Silia adalah proyeksi seperti rambut halus yang melapisi bagian dalam atau epitel tuba Fallopi. ini memiliki kemampuan untuk bergerak secara teratur dan ritmis, menyerupai ombak atau sapuan kuas. Gerakan terkoordinasi inilah yang menjadi kekuatan pendorong utama yang dibutuhkan untuk memindahkan sel telur yang telah dibuahi.
Peran utama silia adalah memastikan zigot bergerak maju, menjauhi ovarium dan mendekati rongga rahim. Selama perjalanan ini, zigot terus membelah diri. Gerakan silia ini harus sinkron dan efisien, karena perjalanan ini memakan waktu sekitar tiga hingga empat hari, yang merupakan jendela waktu kritis bagi implantasi.

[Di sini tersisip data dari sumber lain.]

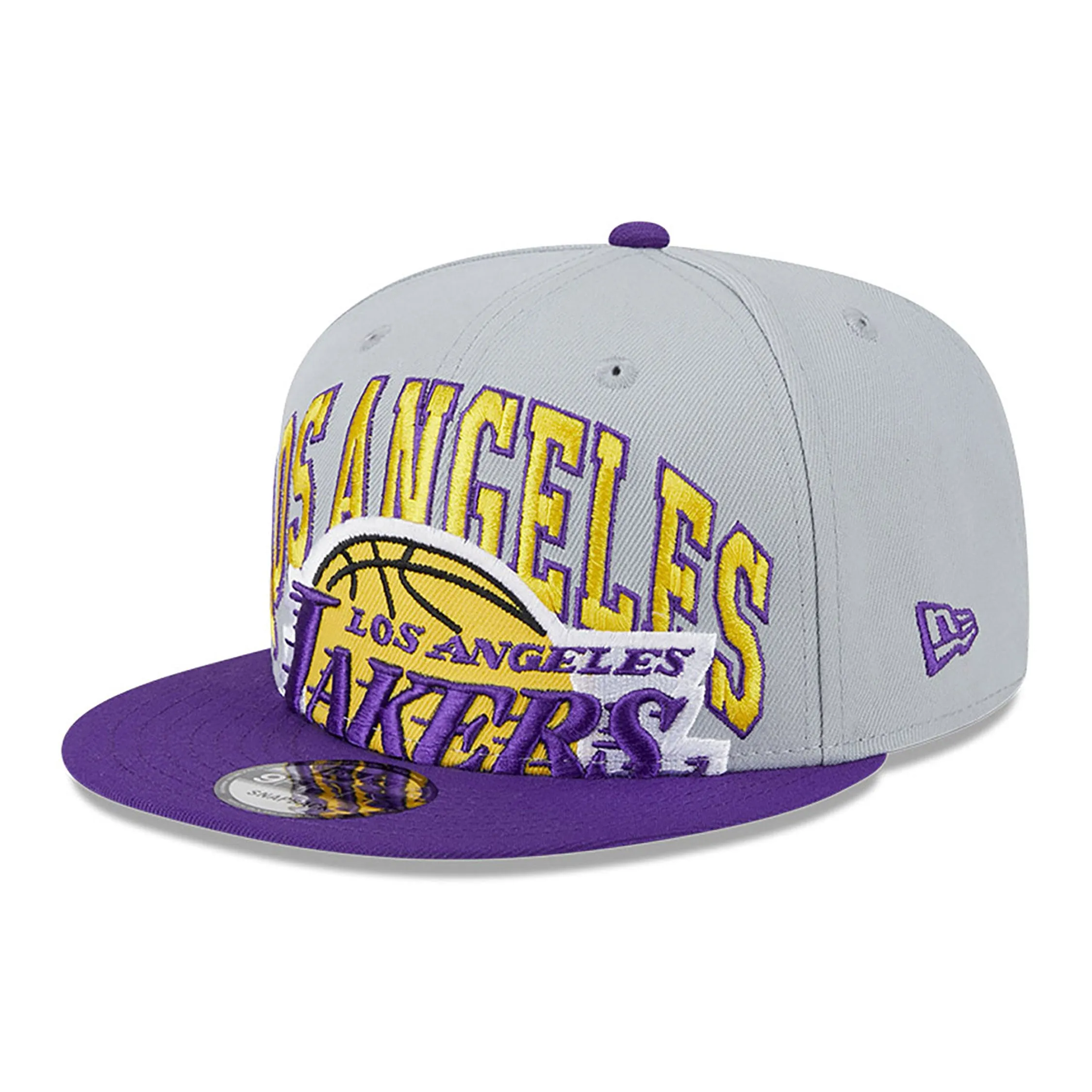 NEW ERA LA Lakers NBA Grey Tip Off 2023 59FIFTY Fitted Cap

Selain silia, kontraksi otot pada dinding tuba Fallopi (peristalsis) juga membantu pergerakan zigot. Namun, studi menunjukkan bahwa kontribusi silia lebih dominan dan terarah. Jika silia rusak atau fungsinya terganggu, risiko komplikasi reproduksi akan meningkat secara signifikan.
Gangguan pada fungsi silia, yang dikenal sebagai disfungsi silia, seringkali dikaitkan dengan peningkatan risiko kehamilan ektopik. Dalam kondisi ini, zigot tidak dapat mencapai rahim dan justru berimplantasi di tuba Fallopi. Kehamilan ektopik merupakan kondisi serius yang mengancam jiwa dan memerlukan intervensi medis segera.
Kerusakan pada ini sering disebabkan oleh infeksi, terutama Pelvic Inflammatory Disease (PID) akibat infeksi menular seksual. Infeksi dapat merusak atau melumpuhkan silia, menciptakan jaringan parut yang menghambat pergerakan. Inilah yang menjelaskan mengapa riwayat PID sangat memengaruhi kesuburan wanita.
Mekanisme kerja silia adalah contoh keajaiban biologi yang mengatur proses reproduksi manusia. Gerakan kecil dan terarah dari Struktur Mikroskopis ini memastikan kesinambungan siklus hidup, dari pembuahan hingga implantasi yang berhasil di endometrium rahim.